Required action :: In the data below, find the line containing "Hatsukoi, Tokimeki Usuihon"; reproduce that line and all subsequent lines exactly, and nothing else.

Data for this task ::
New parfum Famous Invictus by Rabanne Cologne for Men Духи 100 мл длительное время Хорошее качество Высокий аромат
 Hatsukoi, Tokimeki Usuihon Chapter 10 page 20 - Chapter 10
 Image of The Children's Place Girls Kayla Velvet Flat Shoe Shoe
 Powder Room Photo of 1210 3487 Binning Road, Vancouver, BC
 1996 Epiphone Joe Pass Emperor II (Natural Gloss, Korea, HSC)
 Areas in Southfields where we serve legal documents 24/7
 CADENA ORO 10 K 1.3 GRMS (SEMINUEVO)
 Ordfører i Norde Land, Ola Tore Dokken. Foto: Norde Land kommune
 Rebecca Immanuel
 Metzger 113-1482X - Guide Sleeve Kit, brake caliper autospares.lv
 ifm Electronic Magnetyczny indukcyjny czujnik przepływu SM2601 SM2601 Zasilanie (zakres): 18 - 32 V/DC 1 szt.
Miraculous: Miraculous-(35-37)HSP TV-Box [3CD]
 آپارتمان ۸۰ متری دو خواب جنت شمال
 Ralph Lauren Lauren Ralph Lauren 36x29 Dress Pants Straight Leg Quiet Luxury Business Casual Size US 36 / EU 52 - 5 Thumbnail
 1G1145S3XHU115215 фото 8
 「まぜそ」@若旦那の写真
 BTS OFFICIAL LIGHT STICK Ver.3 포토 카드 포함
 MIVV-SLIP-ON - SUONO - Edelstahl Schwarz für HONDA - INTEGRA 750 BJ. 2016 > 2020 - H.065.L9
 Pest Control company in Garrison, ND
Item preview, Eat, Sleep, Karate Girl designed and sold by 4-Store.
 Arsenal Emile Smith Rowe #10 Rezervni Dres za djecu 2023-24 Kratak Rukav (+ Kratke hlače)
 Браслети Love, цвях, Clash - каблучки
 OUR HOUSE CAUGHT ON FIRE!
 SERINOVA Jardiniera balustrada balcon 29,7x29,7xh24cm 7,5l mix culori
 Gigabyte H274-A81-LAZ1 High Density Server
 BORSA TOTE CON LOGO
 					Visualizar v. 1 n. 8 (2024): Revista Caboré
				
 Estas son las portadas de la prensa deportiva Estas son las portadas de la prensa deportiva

Response to the exercise ::
 Hatsukoi, Tokimeki Usuihon Chapter 10 page 20 - Chapter 10
 Image of The Children's Place Girls Kayla Velvet Flat Shoe Shoe
 Powder Room Photo of 1210 3487 Binning Road, Vancouver, BC
 1996 Epiphone Joe Pass Emperor II (Natural Gloss, Korea, HSC)
 Areas in Southfields where we serve legal documents 24/7
 CADENA ORO 10 K 1.3 GRMS (SEMINUEVO)
 Ordfører i Norde Land, Ola Tore Dokken. Foto: Norde Land kommune
 Rebecca Immanuel
 Metzger 113-1482X - Guide Sleeve Kit, brake caliper autospares.lv
 ifm Electronic Magnetyczny indukcyjny czujnik przepływu SM2601 SM2601 Zasilanie (zakres): 18 - 32 V/DC 1 szt.
Miraculous: Miraculous-(35-37)HSP TV-Box [3CD]
 آپارتمان ۸۰ متری دو خواب جنت شمال
 Ralph Lauren Lauren Ralph Lauren 36x29 Dress Pants Straight Leg Quiet Luxury Business Casual Size US 36 / EU 52 - 5 Thumbnail
 1G1145S3XHU115215 фото 8
 「まぜそ」@若旦那の写真
 BTS OFFICIAL LIGHT STICK Ver.3 포토 카드 포함
 MIVV-SLIP-ON - SUONO - Edelstahl Schwarz für HONDA - INTEGRA 750 BJ. 2016 > 2020 - H.065.L9
 Pest Control company in Garrison, ND
Item preview, Eat, Sleep, Karate Girl designed and sold by 4-Store.
 Arsenal Emile Smith Rowe #10 Rezervni Dres za djecu 2023-24 Kratak Rukav (+ Kratke hlače)
 Браслети Love, цвях, Clash - каблучки
 OUR HOUSE CAUGHT ON FIRE!
 SERINOVA Jardiniera balustrada balcon 29,7x29,7xh24cm 7,5l mix culori
 Gigabyte H274-A81-LAZ1 High Density Server
 BORSA TOTE CON LOGO
 					Visualizar v. 1 n. 8 (2024): Revista Caboré
				
 Estas son las portadas de la prensa deportiva Estas son las portadas de la prensa deportiva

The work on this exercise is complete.